**Working data**
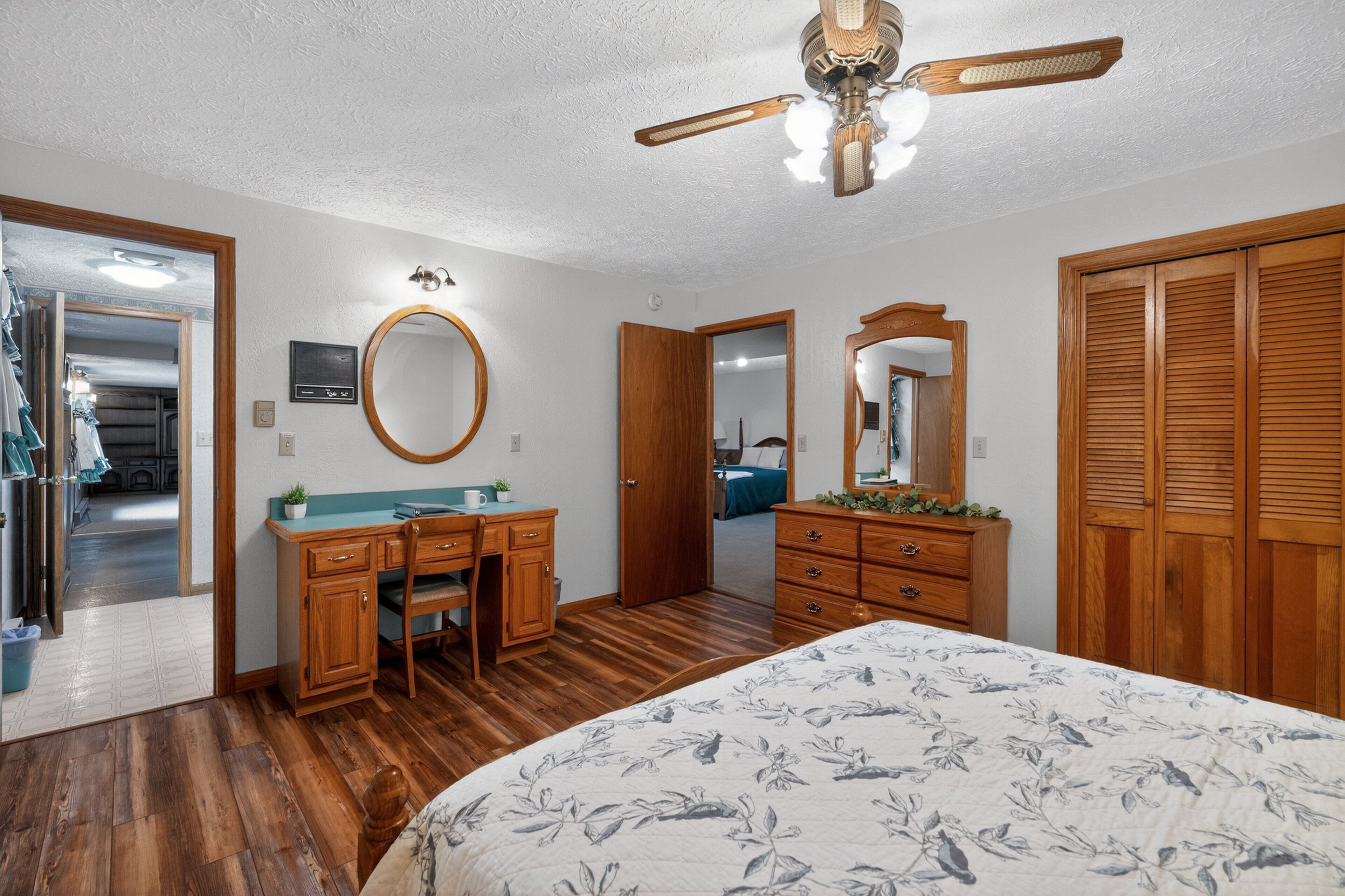 A bedroom with a wooden bed, a desk with a chair, a dresser, a ceiling fan, and a large mirror.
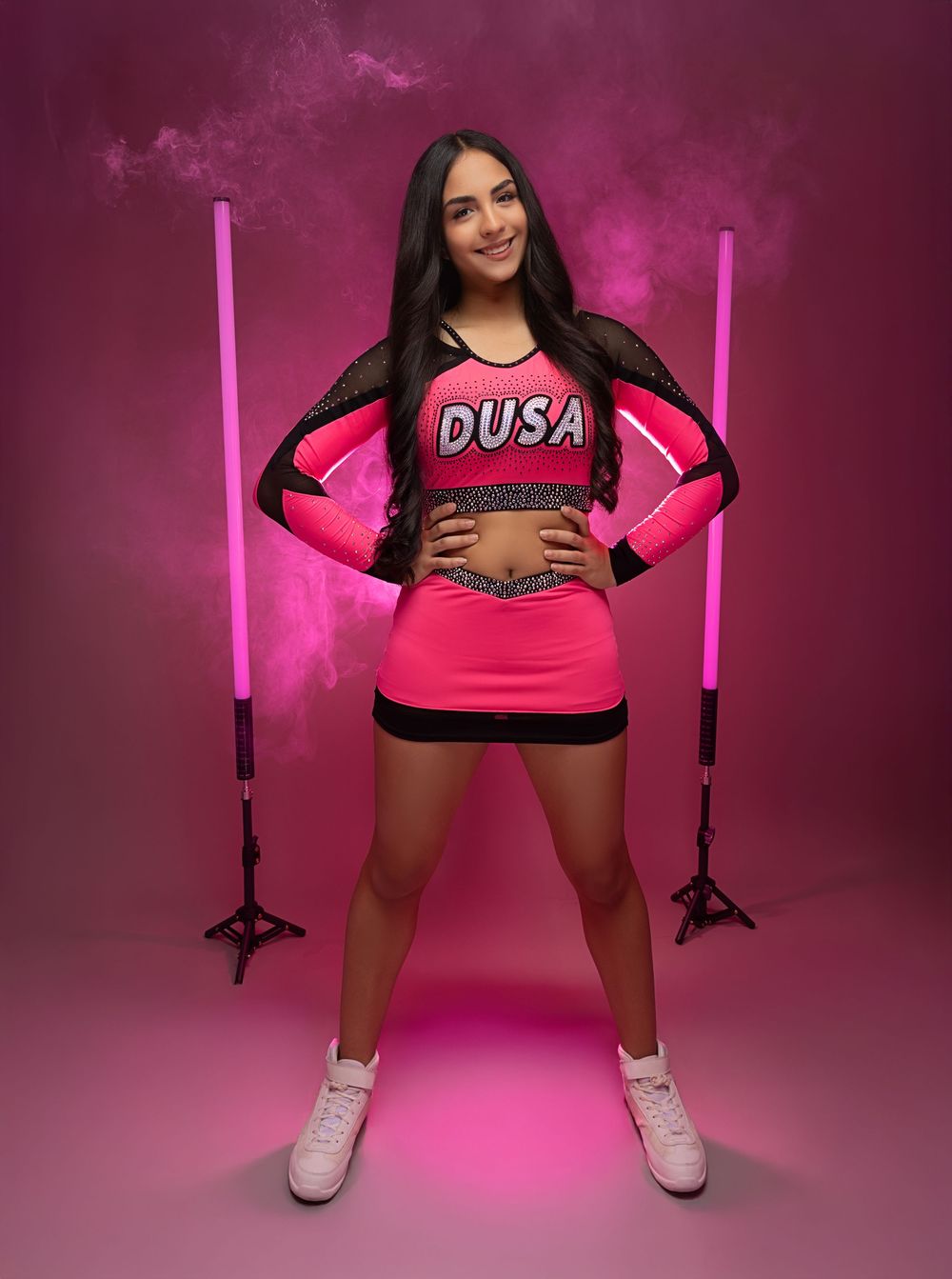 Athletic figure in pink and black sportswear poses against pink backdrop with vertical lighting elements.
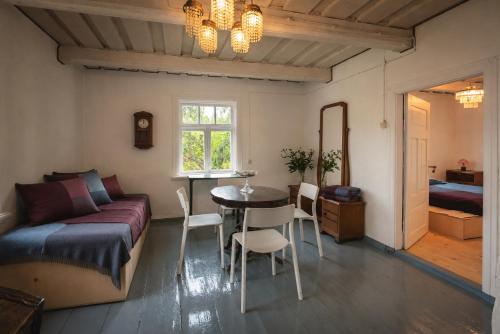 a bedroom with a bed and a table and chairs at Retreat House in Lauvas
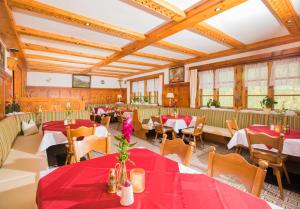 ein Restaurant mit roten Tischen, Stühlen und Fenstern in der Unterkunft Alpengasthof Praxmar in Sankt Sigmund im Sellrain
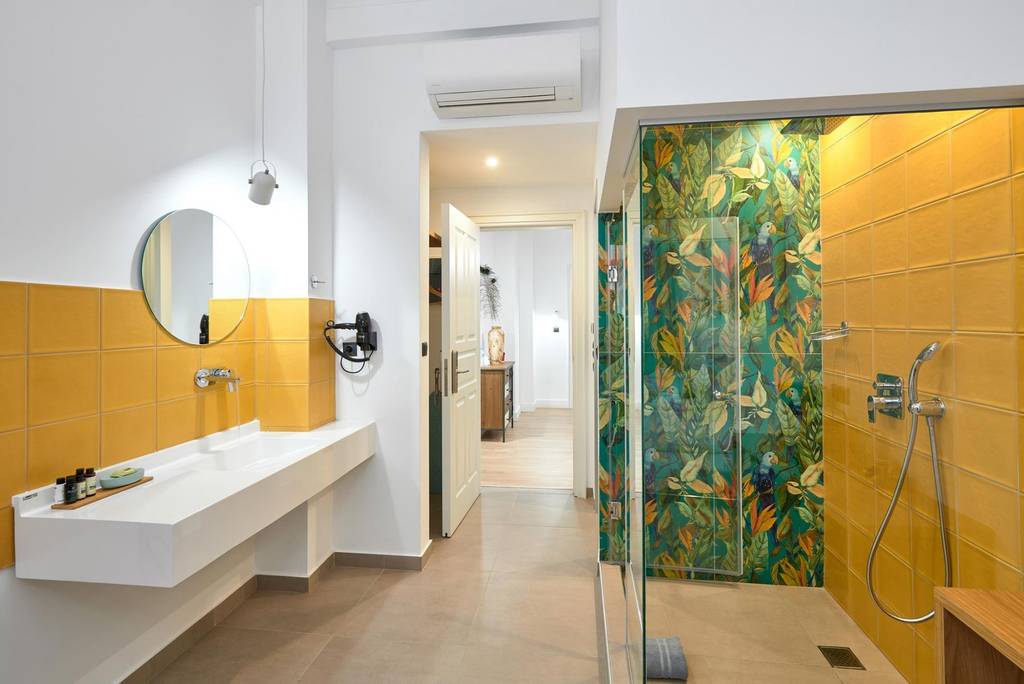 Bathroom with mustard tiles and tropical parrot mosaic shower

**What is needed**
Copy out each record shown above without alteration, skipping any picture.

**Output for this task**
 A bedroom with a wooden bed, a desk with a chair, a dresser, a ceiling fan, and a large mirror.
 Athletic figure in pink and black sportswear poses against pink backdrop with vertical lighting elements.
 a bedroom with a bed and a table and chairs at Retreat House in Lauvas
 ein Restaurant mit roten Tischen, Stühlen und Fenstern in der Unterkunft Alpengasthof Praxmar in Sankt Sigmund im Sellrain
 Bathroom with mustard tiles and tropical parrot mosaic shower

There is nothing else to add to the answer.